Derartige Abweichungen vom üblich kolportierten Agentenbild können nicht darüber hinwegtäuschen, dass die erzählte Geschichte aus bekannten Versatzstücken zusammengebastelt ist und sich zudem einer Schwarz-Weiß-Malerei bedient, die an längst überwundene Genre-Zeiten erinnert. Auch wenn Jack Ryan als verträumter Student eingeführt wird, ist seine patriotische Haltung überdurchschnittlich ausgeprägt, wie im Prolog seine Reaktion auf die ersten Nachrichtenbilder von den Anschlägen des 11. September zeigt. Mit einem einzigen Schnitt wandelt sich der vormals unschuldige junge Mann in einen aufrechten Kämpfer, der das angeschlagene Selbstbewusstsein der amerikanischen Nation in Afghanistan wiederherstellen will, durch seine Verwundung im Kampfgebiet jedoch sehr bald auf den Boden der Realität zurückgeholt wird. Die Aufnahme seiner CIA-Tätigkeit ist vor diesem Hintergrund nichts anderes als eine Umlenkung seiner patriotischen Gesinnung auf sicheres Terrain. Immerhin kann er dem eigenen Land auch vom Schreibtisch aus große Dienste erweisen.
Weitaus problematischer als die bei genauem Hinsehen recht oberflächliche Zeichnung des Protagonisten ist die Darstellung der russischen Gegner, die den Zusammenbruch des weltweiten Finanzwesens mit einem Terroranschlag in den USA herbeiführen wollen. Antagonist Cherevin ist ein von Rachegelüsten zerfressener Mann ohne Skrupel und Moral. Ein Veteran der sowjetischen Intervention in Afghanistan (1979-1989), den das damalige Verhalten der Vereinigten Staaten zu einem rasenden Amerika-Hasser werden ließ. Die Schatten früherer Konflikte wirken nach. Der Eiserne Vorhang ist für ihn und seine Mitstreiter, zu denen auch führende Politiker zählen, noch lange nicht gefallen. Passend dazu verzichtet der Film darauf, auch nur eine einzige russische Figur von Belang aufzubieten, die halbwegs positiv gezeichnet ist. Als wäre das nicht schon Aussage genug, wird der Zuschauer auf dialogischer Ebene mehrfach daran erinnert, dass sich Jack Ryan und seine CIA-Kollegen in Russland auf gefährliches Terrain begeben, das mit westlichen Zivilisationsstandards nicht viel gemein hat.

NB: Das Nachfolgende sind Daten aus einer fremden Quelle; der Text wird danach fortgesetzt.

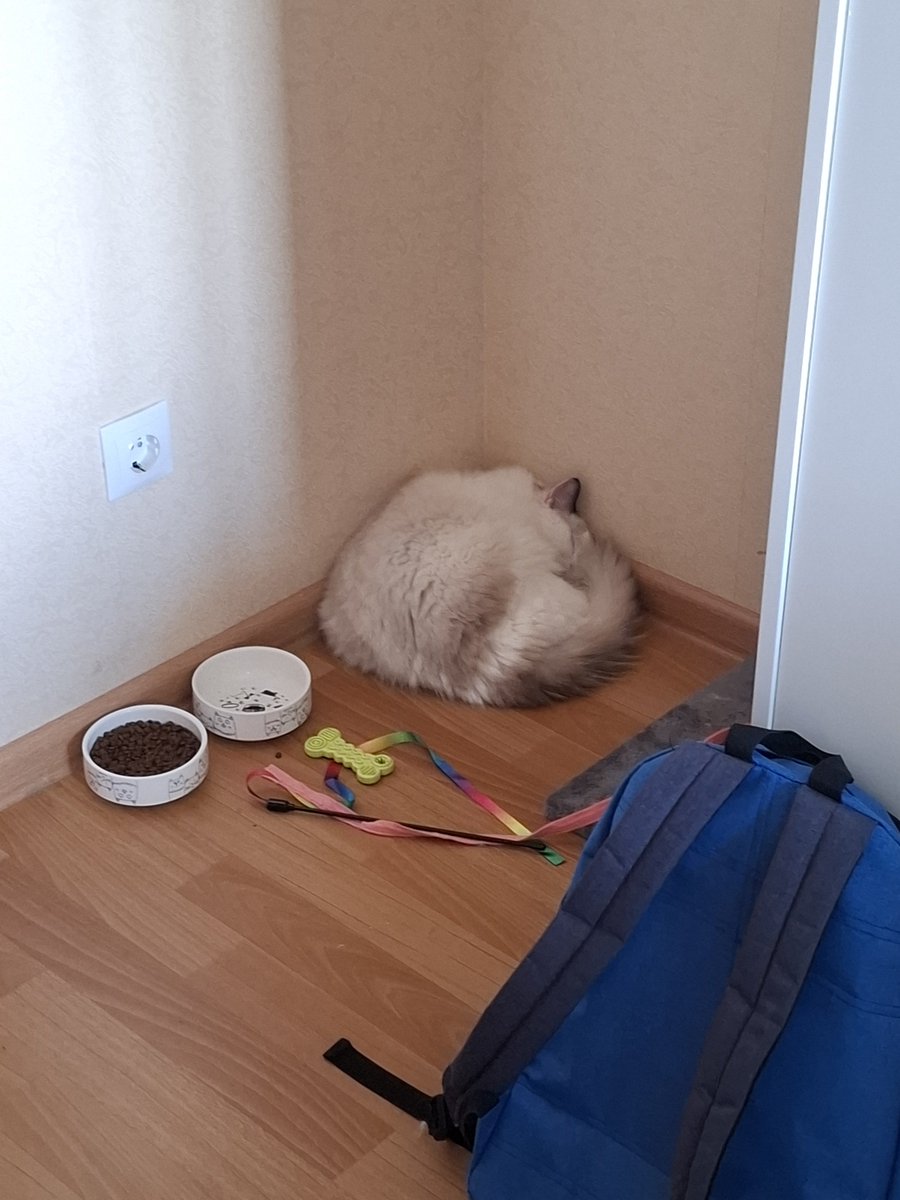 Sayumikko's tweet photo. Но вчера она спала вот так, будто нет у неё никакой лежаночки https://t.co/nEro0La0m4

Vorgehen und Ziele der Amerikaner sind freilich über jeden Zweifel erhaben, dienen sie doch dem Wohl der kapitalistischen Welt. Weshalb sich Jacks anfangs ahnungslose Freundin nach ihrem plötzlichen Auftauchen in Moskau – Grund ist ein halbherzig konstruierter Fremdgehverdacht – ohne Umschweife von Thomas Harper für die eigene Sache rekrutieren lässt. Vaterlandsliebe und Lust am Agentenspiel siegen hier über jegliche Vernunft. Mehr als eine attraktive Funktionsträgerin ist die Figur der jungen Ärztin jedoch nicht. Ihre Bedeutung für den Handlungsverlauf ist klar festgelegt. Das kann der Film spätestens im letzten Drittel nicht mehr verbergen, wo Cathy ganz plötzlich an den Rand der Geschichte gedrängt wird, nachdem sie ihre Drehbuchschuldigkeit getan hat.
Wäre dieser beliebige, wenig anspruchsvoll inszenierte Agententhriller vor 30 Jahren entstanden, hätte er das Publikum gewiss nicht sonderlich überrascht. Heute allerdings, da sich selbst die Welt eines James Bond einfachen Einteilungen entzieht, wirkt Branaghs Neuauflage der Jack-Ryan-Figur reichlich antiquiert und dürfte so manchen Betrachter verwundert zurücklassen.